Archive for October 15th, 2004

BitTorrent for Flash Content

When I interviewed Bram Cohen back in March I realized how brilliant BitTorrent was: a content-delivery mechanism that actually scales better than linearly. The more downloaders, the cheaper the cost per download. I’ve used BT on and off for a few months, but tonight I wanted to see the clip of John Stewart on CNN’s Crossfire (thanks, Dave). I clicked on the link and the download was painfully slow. Then I remembered — I recently re-initialized my firewall.

I forwarded ports 6881-6889 to my PC and re-started the download. Wow…superfast! If you have popular large objects, it’s awesome. But you already knew that, right?

And the Golden Rule of BitTorrent: When you’re done your download, don’t close the BitTorrent Window. Give unto others as you would have them give unto you. It costs you nothing.

Pwop: The Sound of $$ and Podcasting?

Carl Franklin of .Net Rocks fame has launched a new company named Pwop to produce podcasts for others. Could this be the first commercial venture into podcasting? I’d take the credit for that honor, but IT Conversations doesn’t make real $$ yet. [Source: Robert Scoble]

Wait!…We had paying sponsors for our podcasts of Gnomedex 4.0. Could that be the first instance of paid sponsorship of podcasting? That might be a cool thing to remember in five years when everyone else is making a whole lot more money.

The Victim of Podcasting: TV

At first I thought podcasting would hurt broadcast radio, but after listening to Dave and Adam I think the opposite is true. Podcasting frees the radio broadcaster from the constraints of transmitters and geography. WHen they podcast, I can reach any radio station, anywhere, anytime. I haven’t done the math, but I expect that with BitTorrent delivery, the per-listener cost to the broacaster will be less than via the AM/FM airwaves. I haven’t been able to listen to Terry Gross for a long time because I’m working during her show, I refuse to pay Audible.com $14.95/month for the privilege, and manually download MP3s is a pain in the ass. Now I’m going to get one of those radio-to-MP3 devices and podcast it to myself.

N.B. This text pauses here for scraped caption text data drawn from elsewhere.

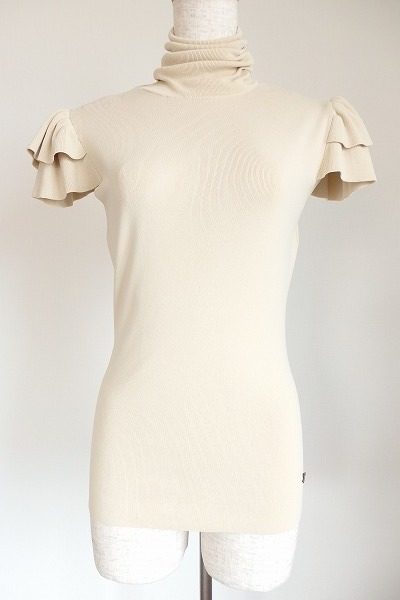 イノセントでエレガント。フォクシーのベージュのフリルカットソーを買取しました。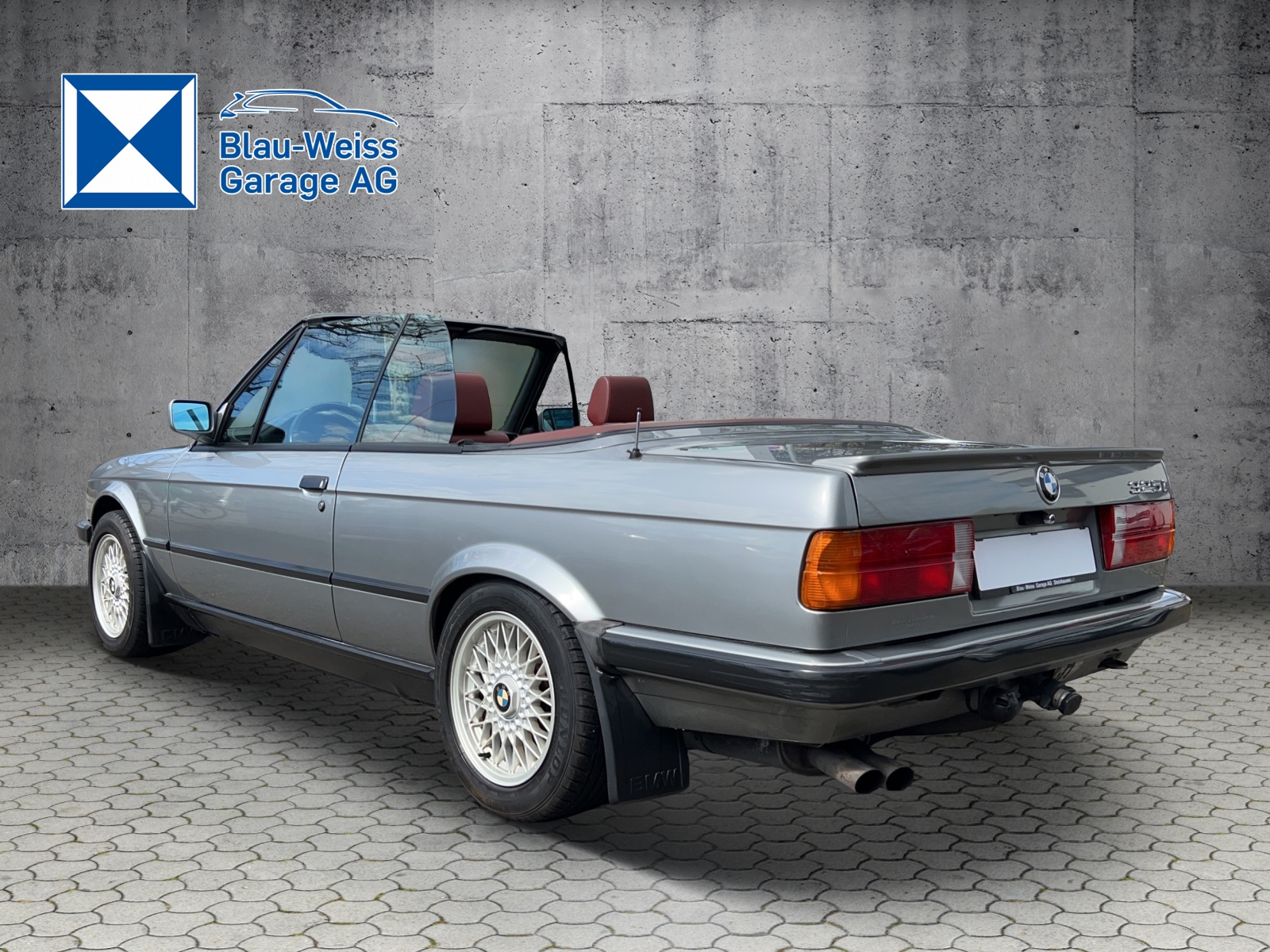 BMW 325i Cabrio-image-5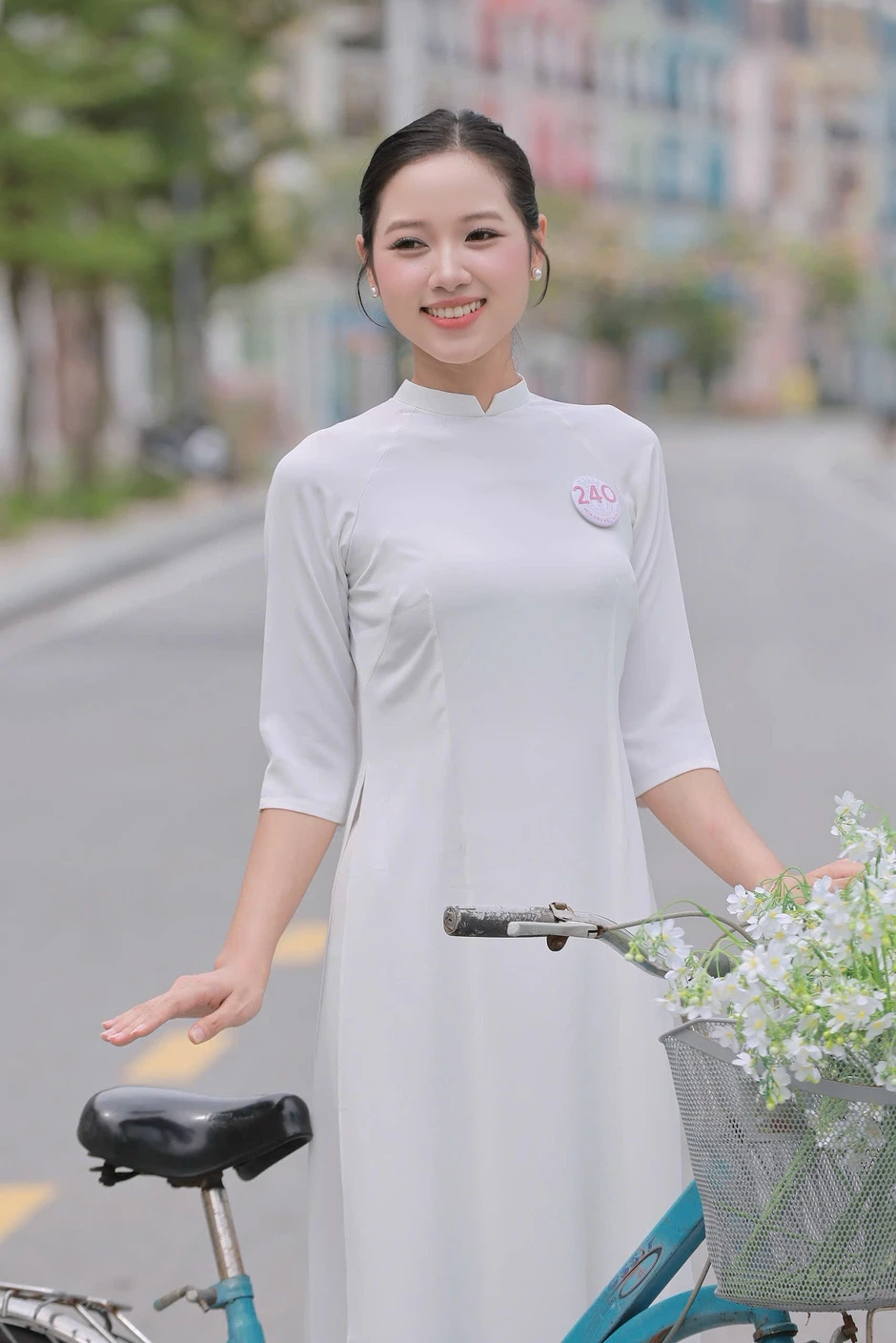 53 cô gái Hoa hậu Việt Nam khoe nét đẹp trong trẻo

So if I’m going to spend even more time listening to audio content — I’m already in the studio at least eight hours a day, and boy are my ears tired! — where’s that time going to come from? It’s already coming from television. Although podcasting is less than two months old, I can get content that is more inspirational, educational and entertaining through podcasting than I get from the broadcast or cable TV networks. I’m spending no less time on the Internet, and I predict others will likewise find that podcatching (listening to podcasts) will cause them to hit the OFF button on their TVs as well.